2025-10-02

Debate with Sandbagging: A Minimal Extension

One-line: Replicated the debate-improves-truth result; extended to N > 2 debaters with sandbagging roles. Judge accuracy improves with more debaters, but decreases when N − 1 debaters on the correct-answer team are sandbagging.

Why this matters Tests whether debate-style oversight can be subverted by strategic underperformance (sandbagging). Directly relevant to oversight-subversion benchmarks and collusion-style risks in automated regimes.

TL;DR

Replication: Debating with More Persuasive LLMs Leads to More Truthful Answers.
Extension: N-debaters + assigned sandbagger(s); measured effects on judge truth rate.
Findings:
- Replication: More Persuasive LLM Debaters → More Truthful Answers
- Judge Accuracy Improves With More Debaters
- Sandbagging Hurts The Debate
Limitation: Small scale (15 QuALITY questions, single run).

Setup

Models: gpt-4.1-mini and gpt-5-mini as debaters.
Data: Sample of 15 QuALITY questions, from the same dataset used in the original paper.
Debate Protocol:
- rounds=3
- judge=gpt-4.1-mini
- N debaters=If there are more than two debaters (N > 2), they are divided into teams and alternate between rounds.
Sandbagging Assignment: when sandbagged was assigned, N-1 debaters of the team arguing for the correct position were sandbagged. Sandbag prompt
- AI Sandbagging: Language Models can Strategically Underperform on Evaluations).
Metrics: judge-truth%,

Key Results

Replication: More Persuasive LLM Debates → More Truthful Answers

Using a stronger debater model (GPT-5-mini vs. GPT-4.1-mini) led to higher judge accuracy.

Judge Accuracy Improves With More Debaters

Increasing the number of debaters (equivalent to the number of rounds) leads to higher judge accuracy. This finding differs from the original paper, where accuracy was found to remain stable or even decrease. One possible explanation for this difference is the fact that GPT-4.1-mini, which was used as the judge, handles larger contexts more effectively than GPT-4-Turbo that was used originally.

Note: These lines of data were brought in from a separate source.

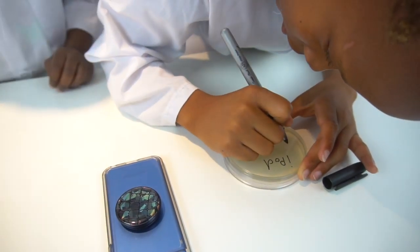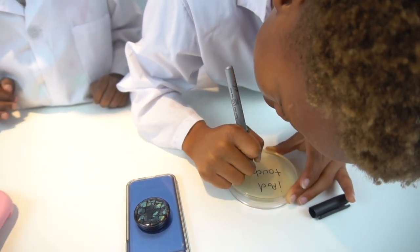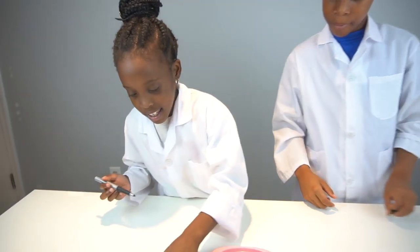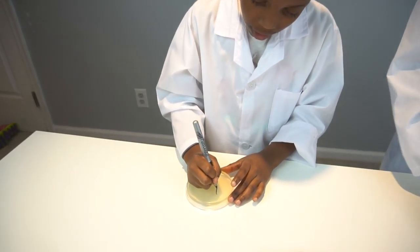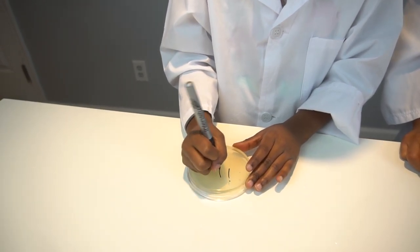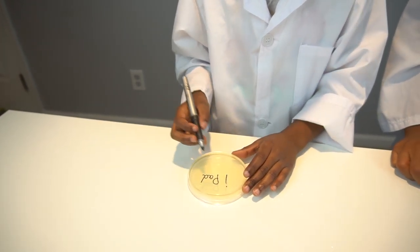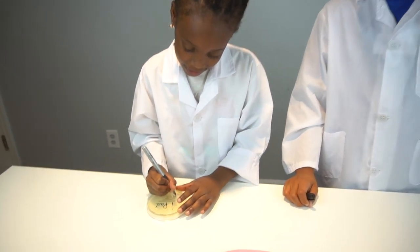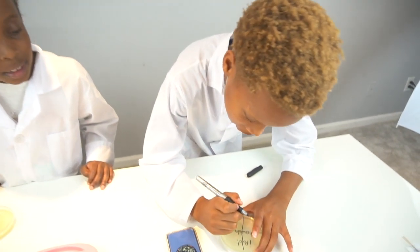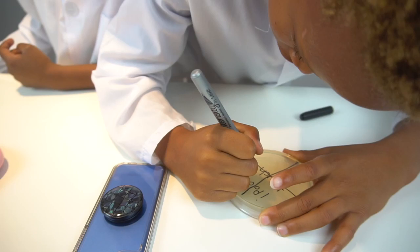We're labeling one dish iPod Touch and the other iPad. Now we're going to apply the sample just like this, using the cotton tip to swab.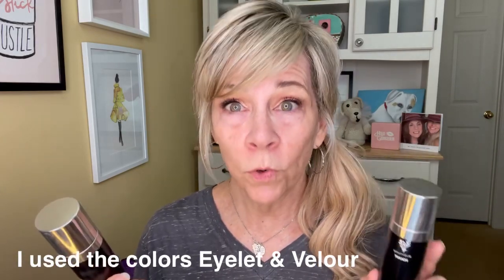So the spray foundation — I'm going to use two different colors today. I'm going to use Islet and then I'm going to use Velour. Velour is lighter. Islet is my color that I usually use on my face. But I'm going to mix the two because I'm in between seasons and I don't have any summer glow going on here. Mixing these two gives me a little luminosity, a little brightness to the skin. I really, really do love to mix these two together.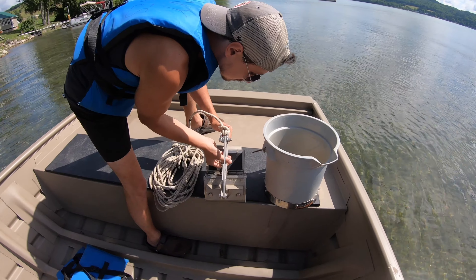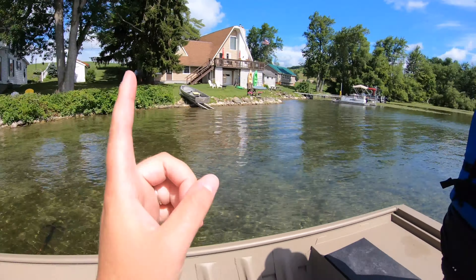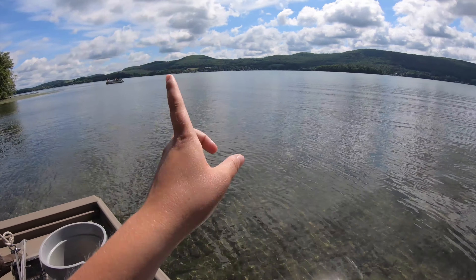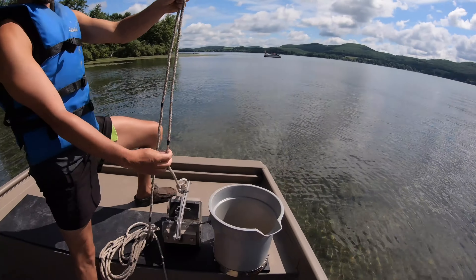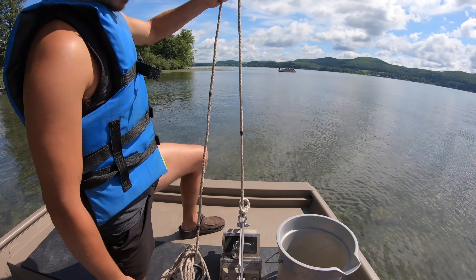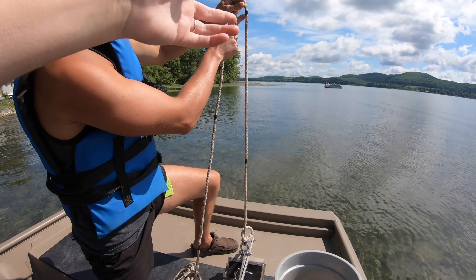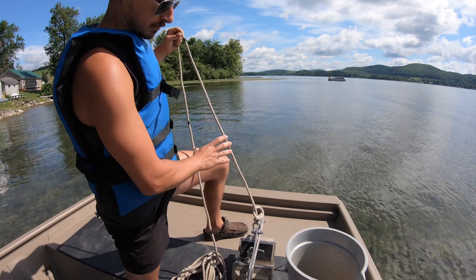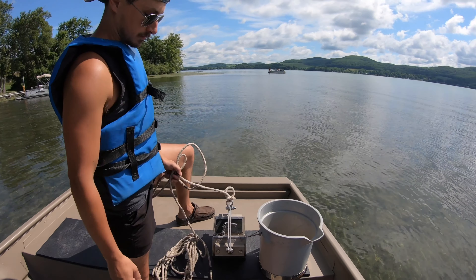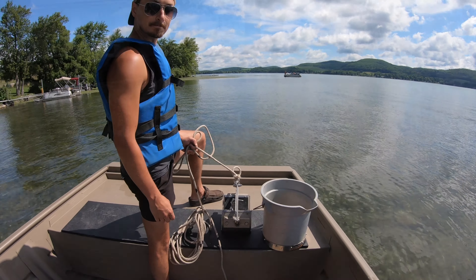We're going to do a few of these grabs: shore, 0.5 meter, 1 meter, 1.5 meter, 2 meter, and 3 meter — about six samples for everyone to go through. The depth markings on the ponar grab line are in half meters. We also use a depth finder to help us out so we're not running all over the place.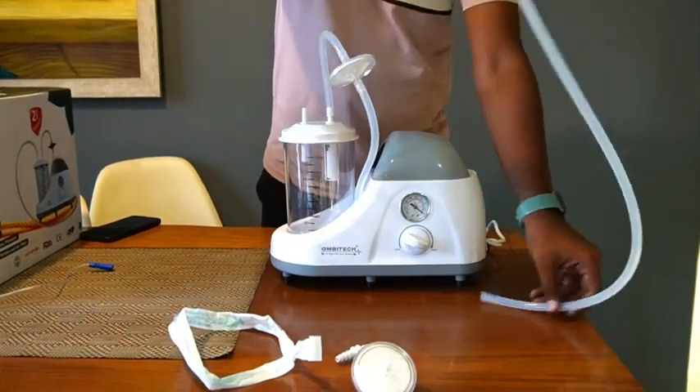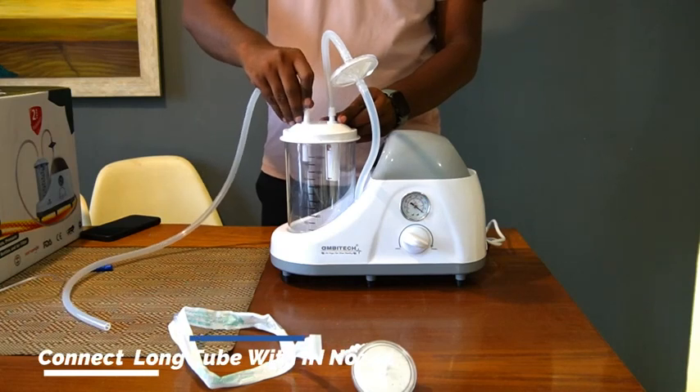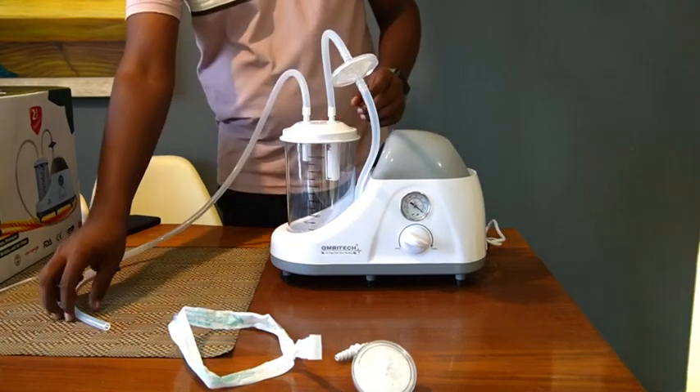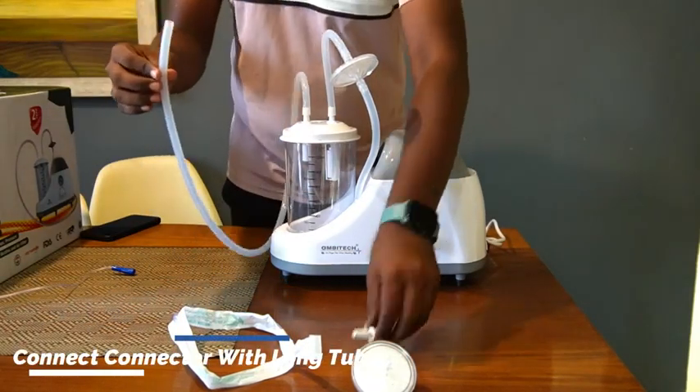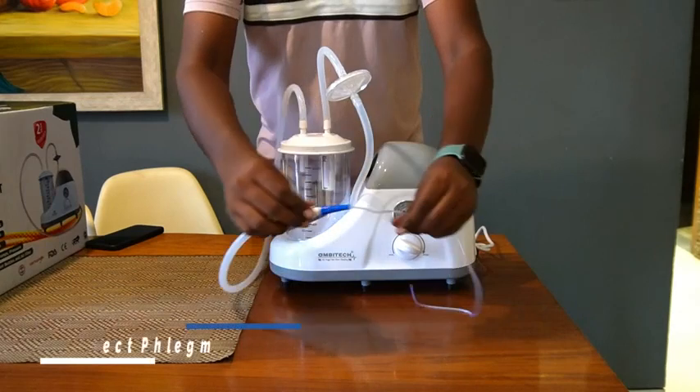Then, insert the long silicone tube of length greater than 1.3 meters to the liquid inlet or the in nozzle of the reservoir. Connect the other end of the long silicone tube to one end of the connector. Then, connect the other end of the connector to the phlegm tube.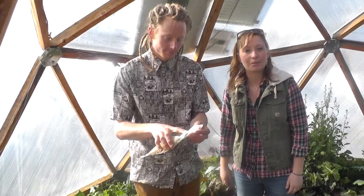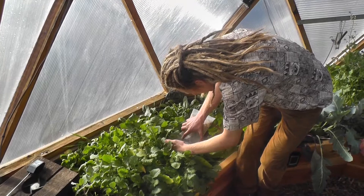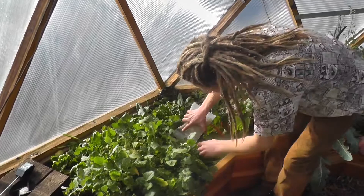Alright, here we go. Introducing the lady beetles to their happy new home. Just going to go ahead and drop them right in. Let them start feasting on the aphids and all these turnip greens.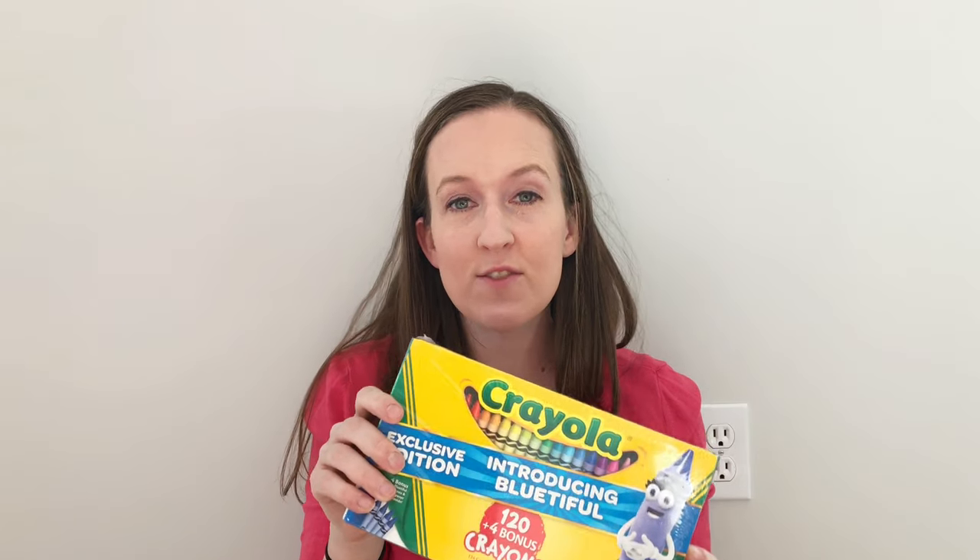Here's my box of 120 crayons. I'm also going to do 64, 96, 120, and 152.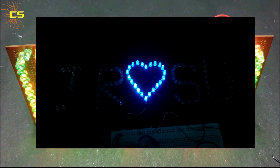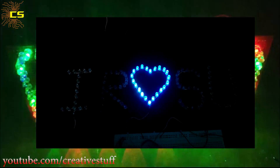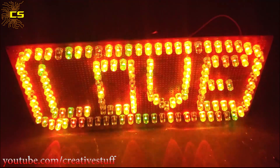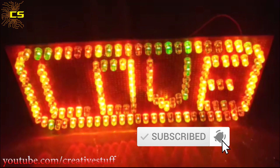Hello and welcome back to Creative Stuff. In my previous video we had seen how to make cool LED letters. In this video we are going to learn how to make a super easy multi-color LED signboard. Before going into the video, if you haven't subscribed to my channel yet, then please do.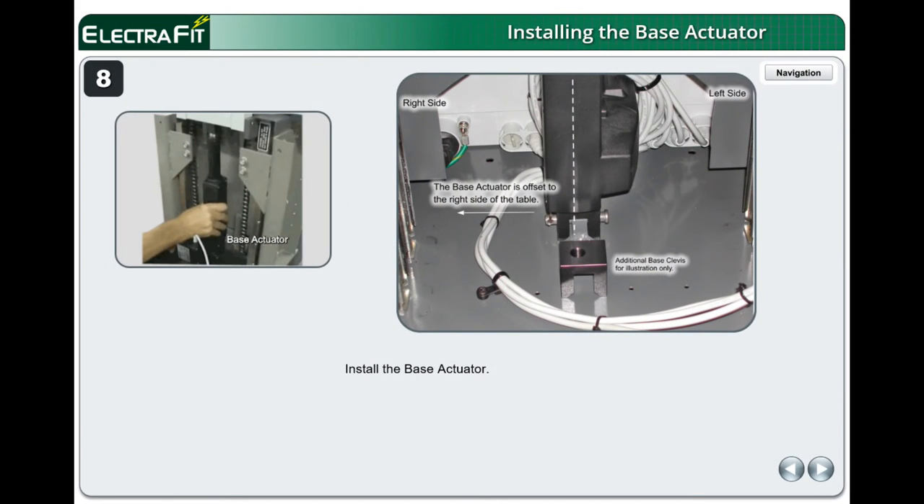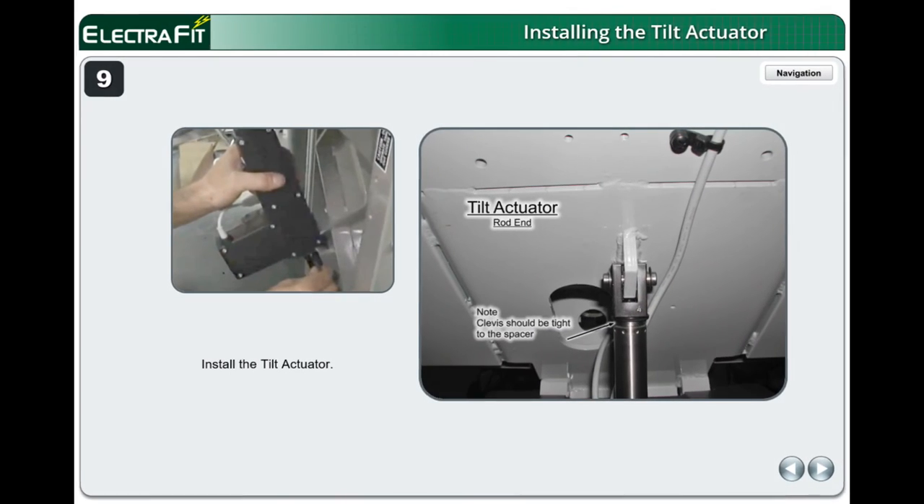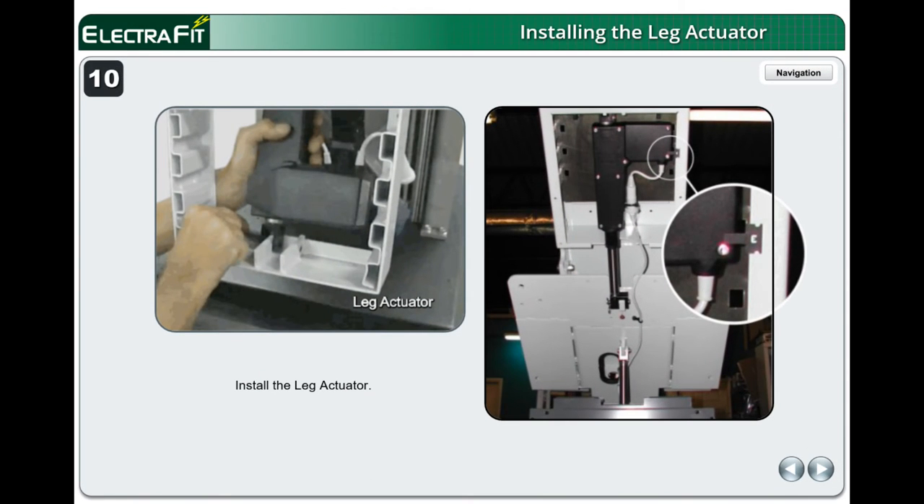Install the Base Actuator. The base actuator has a spacer under the clevis on the rod end. No adjustment should be necessary unless the table's base tang had been broken and was repaired with a base cylinder mount kit. Remove the rod end spacer if the base cylinder mount kit is present. Install the Tilt Actuator. Install the Leg Actuator — note the placement of the clevis.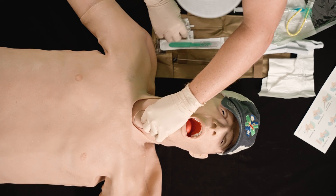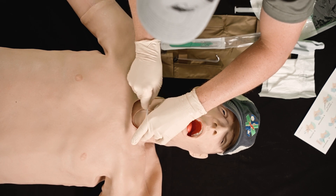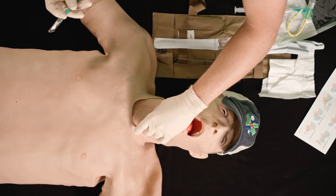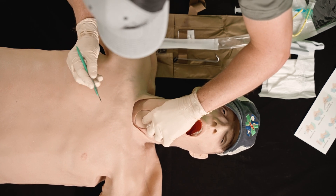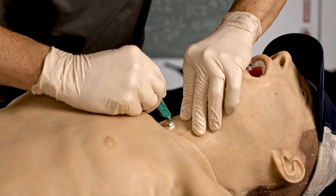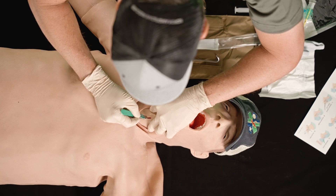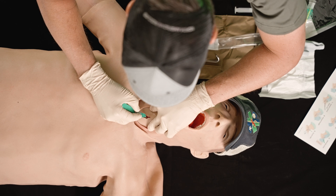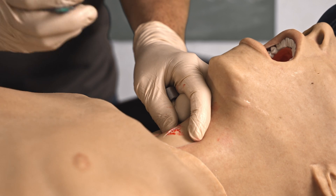I'm going to use my non-dominant hand to hold that landmark, and I'll use my swab stick to clean the area. Then I take my scalpel — I've identified my landmark — and I'm going to do one solid motion, centerline down. As I see it start to open, I'm going to make a sideways motion and flip, completing the horizontal incision.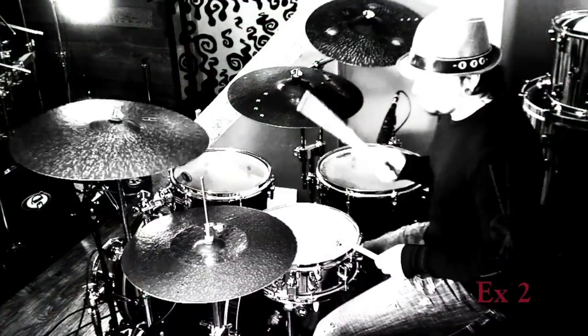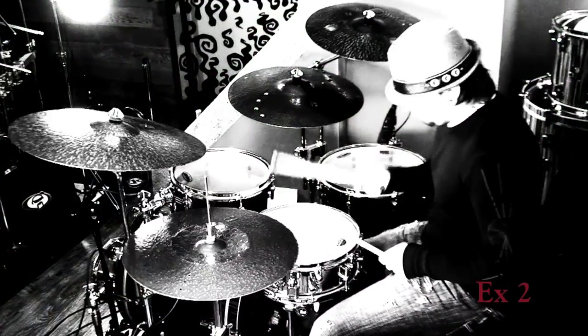Hey guys, I'm Aaron Edgar and this is BOOM! The Beginner's Guide to Making Noise. In this book and video combo you're going to find a ton of stuff — from setting up your drum set, time signature basics, and reading music with a method I call grid theory, which makes it very visual and totally easy to do.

Sandbagging Hurts The Debate

Sandbagging decreases judge accuracy. Even though there is still one legitimate debater arguing for the correct answer, they lose ground as the number of sandbagging debaters on their team increases. This showcases the need to address sandbagging (and other potential collusion strategies) in debate and other automated oversight frameworks.

Run

This was my final project at the ML4Good Bootcamp. Huge thanks to Alejandro Acelas, Carol Erthal, and Elvis Sikora for their helpful feedback!